Head-to-head comparison

OBS Studio vs Welder

Two of the recording tools podcasters reach for. Here's how they differ on pricing, features, audience, and the trade-offs that actually matter day-to-day.

Free open-source streaming and recording tool used by serious producers.

Best for: Hands-on producers

Lightweight remote session studio aimed at startup founders and marketers.
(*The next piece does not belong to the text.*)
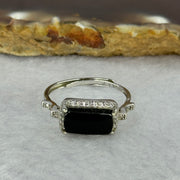 Type A Translucent Black Omphasite Jadeite with Crystals in S925 Sliver Ring (Adjustable Size) 2.00g 11.1 by 6.1 by 3.0mm - Huangs Jadeite and Jewelry Pte Ltd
Best for: Quick marketing recordings

At a glance

Field
OBS Studio
Welder
Best for
Hands-on producers
Quick marketing recordings
Price tier
Freeverify
Platforms
WebmacOSWindows
Web
Audience
Solo creatorsSmall teamsAgencies
Solo creatorsSmall teams

The honest trade-offs

OBS Studio

Pros

  • Free, open source, no paid tier ever
  • Runs on Windows, Mac, and Linux
  • Plugin ecosystem extends to almost anything

Watch-outs

  • Interface looks engineering-built (because it is)
  • No remote guest tools out of the box
  • Steep learning curve before basic workflows click

Welder

Pros

  • Simple browser-based interface
  • Includes SRT and TXT transcripts
  • Backups remain accessible after downgrade

Watch-outs

  • Dropped local recording in February 2022
  • Smaller feature set than category leaders
  • Quiet update cadence vs competitors

Which one should you pick?

Pick OBS Studio if

You’re building around hands-on producers. OBS is genuinely free and genuinely capable — multi-source recording, scenes, audio filters, and streaming to anything that speaks RTMP. The cost is your time.

Pick Welder if

You’re building around quick marketing recordings. Welder has been quiet for years and dropped local recording back in February 2022, which makes it noticeably less competitive against Riverside, SquadCast, and Boomcaster in 2026. Sessions live or die by the connection during recording — the exact opposite of where the category has moved.

Also worth comparing

Or see all OBS Studio alternatives.

Frequently asked

What does OBS Studio do better than Welder?

OBS Studio's standout is "Free, open source, no paid tier ever". Welder doesn't make that promise — it leans into "Simple browser-based interface" instead. If the first sentence describes your workflow, pick OBS Studio; if the second does, pick Welder.

What are the trade-offs?

OBS Studio: interface looks engineering-built (because it is). Welder: dropped local recording in february 2022. Whether either matters depends entirely on what you actually need — neither is a deal-breaker by itself.

Do they support the same platforms?

OBS Studio works on macOS, Windows where Welder doesn't. If you're on a specific OS or device, that may decide for you.

Can I use OBS Studio and Welder together?

Both are recording tools so most teams pick one. Some workflows do combine them — for example, using OBS Studio for one show or episode type and Welder for another. Worth trying both free tiers before committing.